I overdid it carrying the groceries (I lugged 6 or 7 canvas bags—some hanging from my shoulders, some carried by the handles—in one go from the car to our third-floor apartment), so now I have a pinched nerve or strained muscles or something in my right shoulder up into my neck. I look like I’m doing a wicked impersonation of Frankenstein’s monster. Then when I went to give away some of my blood this morning to have my iron-levels checked, the phlebotomist (the good one) noticed the spot where I burned my arm last week on a cookie sheet coming out of the oven. It’s already kind of scabby, so it should be all pink and puckery in a few more days once the crust rubs off. I just need a big, gashing wound on my face now to top off the whole look.
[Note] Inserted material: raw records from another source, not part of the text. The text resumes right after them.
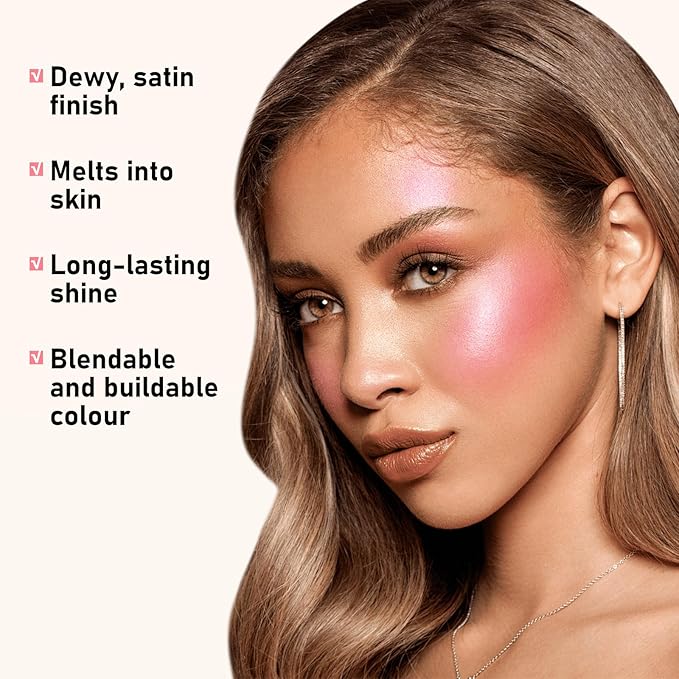 Boobeen Cream Makeup Blush Stick, Shimmer Blush for Cheeks, Lightweight Waterproof Highlighter Blush Wand, Easy to Blend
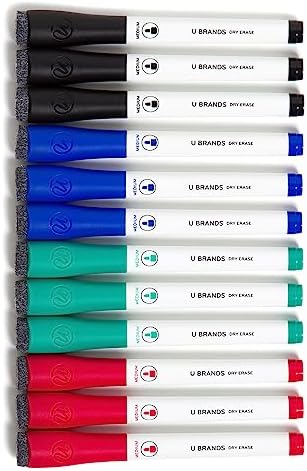 U Brands Dry Erase Markers with Eraser, Whiteboard Markers, Low Odor, Set of 12 (Assorted, Medium Point)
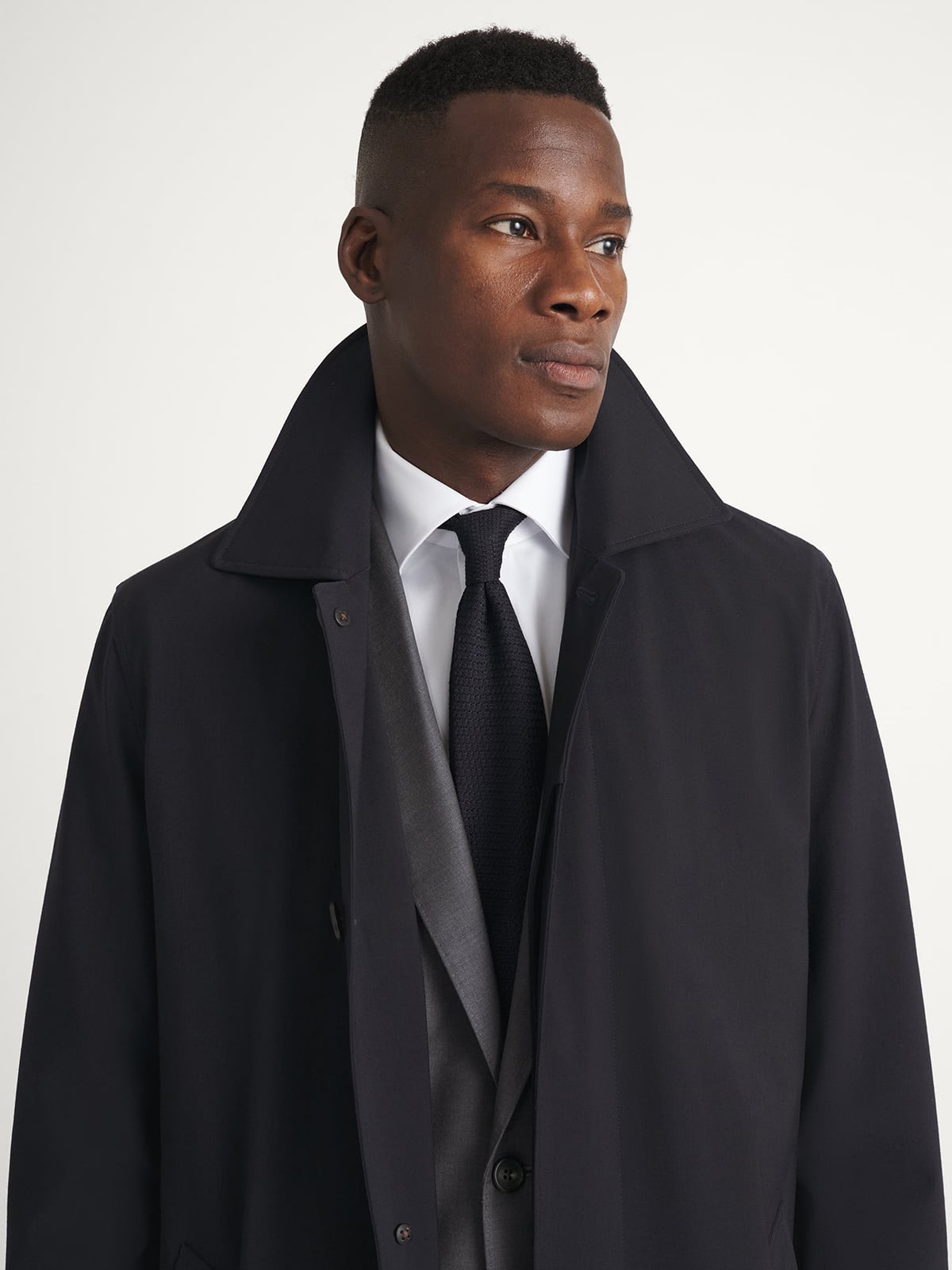 Bond Navy Technical Wool Raincoat | Proper Cloth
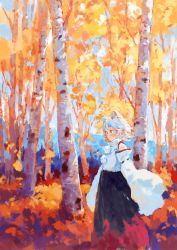 Rule 34 | 1girl, animal ears, autumn, autumn leaves, bare shoulders, black skirt, blue hair, blue sky, blush, closed mouth, cloud, cloudy sky, detached sleeves, fjsmu, forest, hair between eyes, highres, inubashiri momiji, leaf, long sleeves, looking to the side, mountain, multicolored hair, nature, no headwear, orange hair, orange theme, pointy ears, pom pom (clothes), red eyes, red skirt, scenery, shirt, short hair, skirt, sky, solo, standing, touhou, tree, white hair, white shirt, wide sleeves, wolf ears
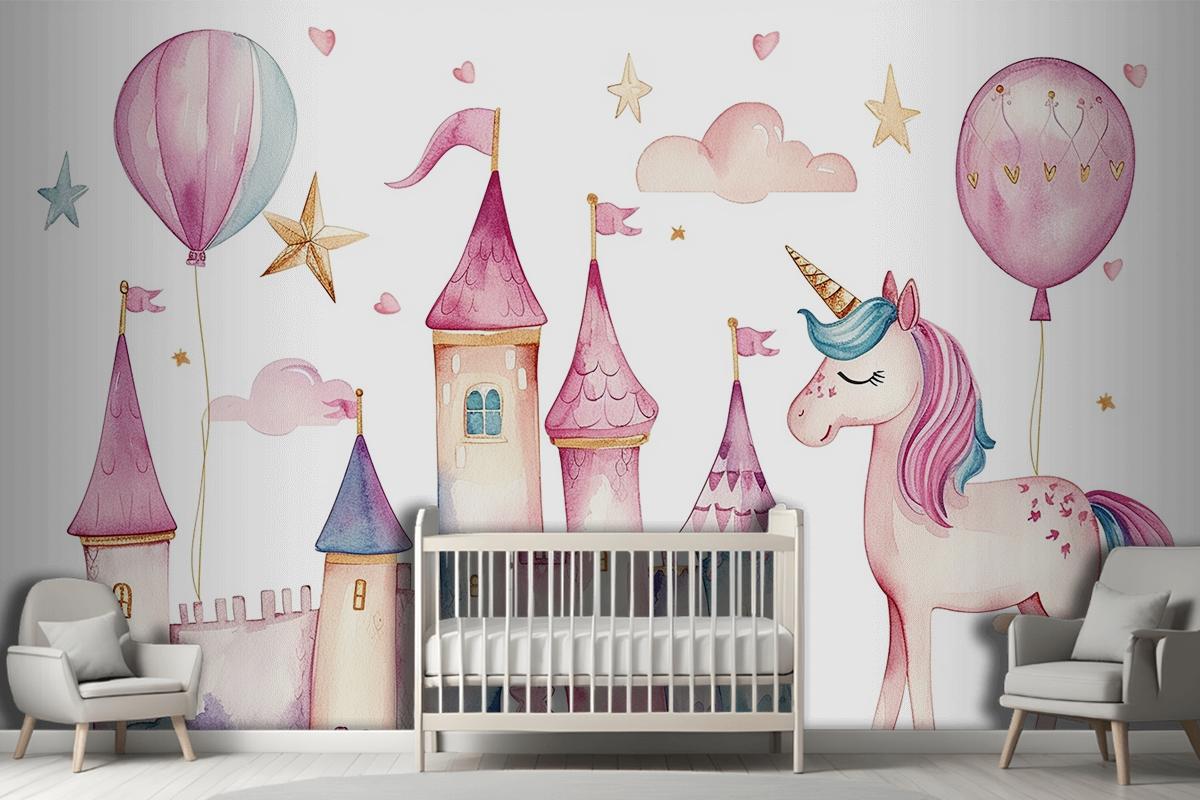 Set Of Cute Watercolor Kingdom Unicorn And Castle For Kids Book Birthday Party Wallpaper Mural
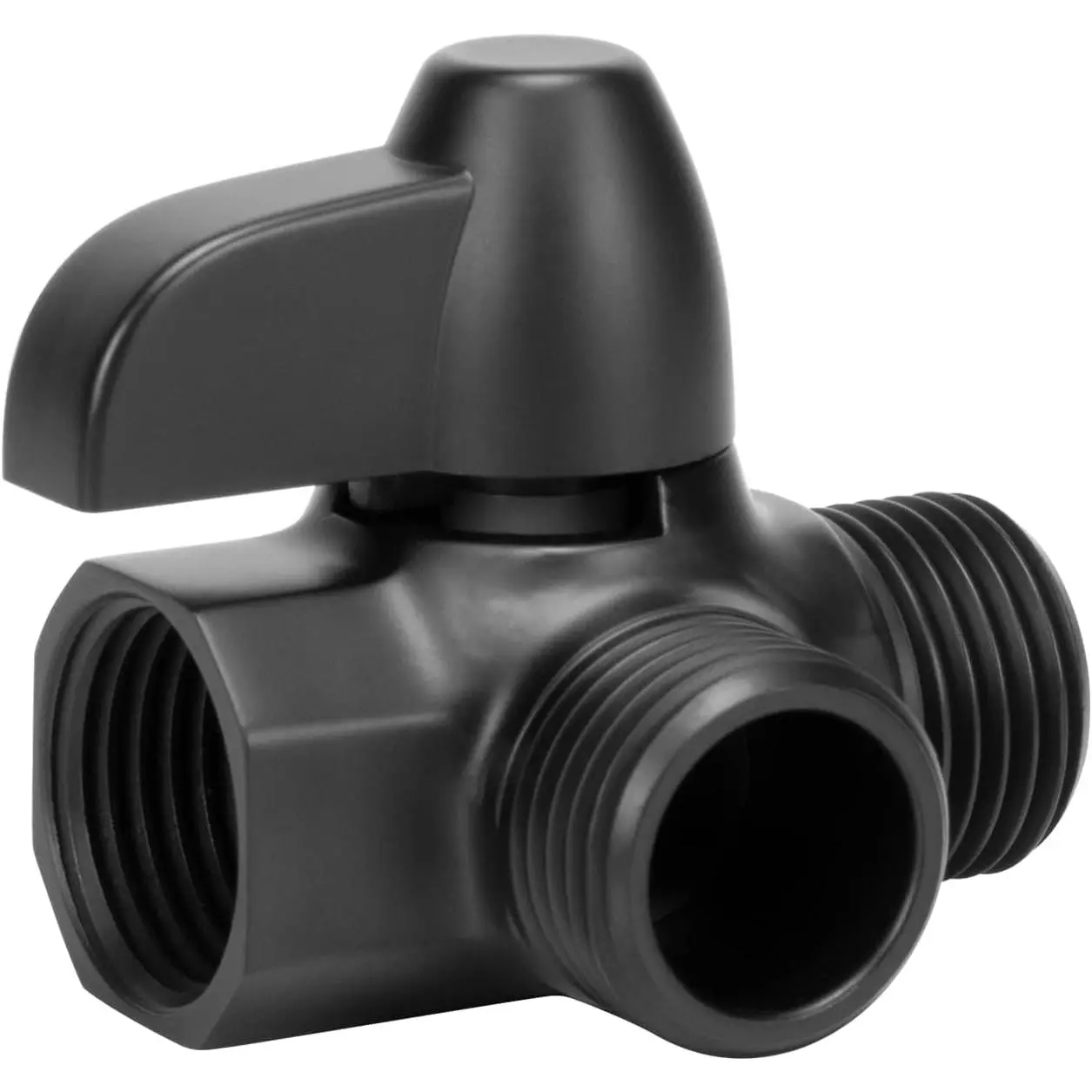 Solid Brass G1/2" Shower Arm, 3-Way Diverter Valve for Handheld and Fixed  , Bathroom Component for Showerhead Combo T-Adapter (Fixed Nut, Matte Black)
With the neck and the blah weather, I haven’t really been able to make myself do anything productive, so then there’s the self-guilt thing...blah, blah, blah, boring-cakes.
But I am finally getting to the eye doctor this afternoon, so maybe I will have new contacts soon. These glasses have been a disaster from the beginning. I tried to save a little money by going to Pearle Vision (I think) instead of buying them from my optometrist, but with such a wonky prescription, I should have just stuck with the more expensive but better glasses at his office. Since I have a pretty bad astigmatism, I need some kind of special coating on the lenses, which is now peeling off the right lens. I have noticed that I see well up close only with my right eye and from afar only with the left, so I’m thinking my prescription might need some tweaking.
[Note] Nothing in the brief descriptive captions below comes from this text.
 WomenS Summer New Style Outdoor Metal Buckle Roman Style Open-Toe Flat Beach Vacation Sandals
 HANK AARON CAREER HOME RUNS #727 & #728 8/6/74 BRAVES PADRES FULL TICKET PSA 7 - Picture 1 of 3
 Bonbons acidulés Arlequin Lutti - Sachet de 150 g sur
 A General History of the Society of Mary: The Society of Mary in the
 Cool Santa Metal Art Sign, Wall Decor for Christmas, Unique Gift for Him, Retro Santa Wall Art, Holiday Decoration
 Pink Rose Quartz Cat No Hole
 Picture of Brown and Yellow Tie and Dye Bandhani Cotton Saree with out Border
What else? Oh, yeah...what is up with furry boots this year? Even when it was still warm, say in early October, I saw a woman wearing a sundress and boots with fur trim and two little dangly, furry balls. Now they are in all the shops, and everyone is wearing them. Ick. And then I saw a purse that is cylindrical and covered in fur. Fur that appears to have been taken from a vomit-covered ocelot. Yes, it appears that I am still violently opposed to fur (even fake fur) as an accessory.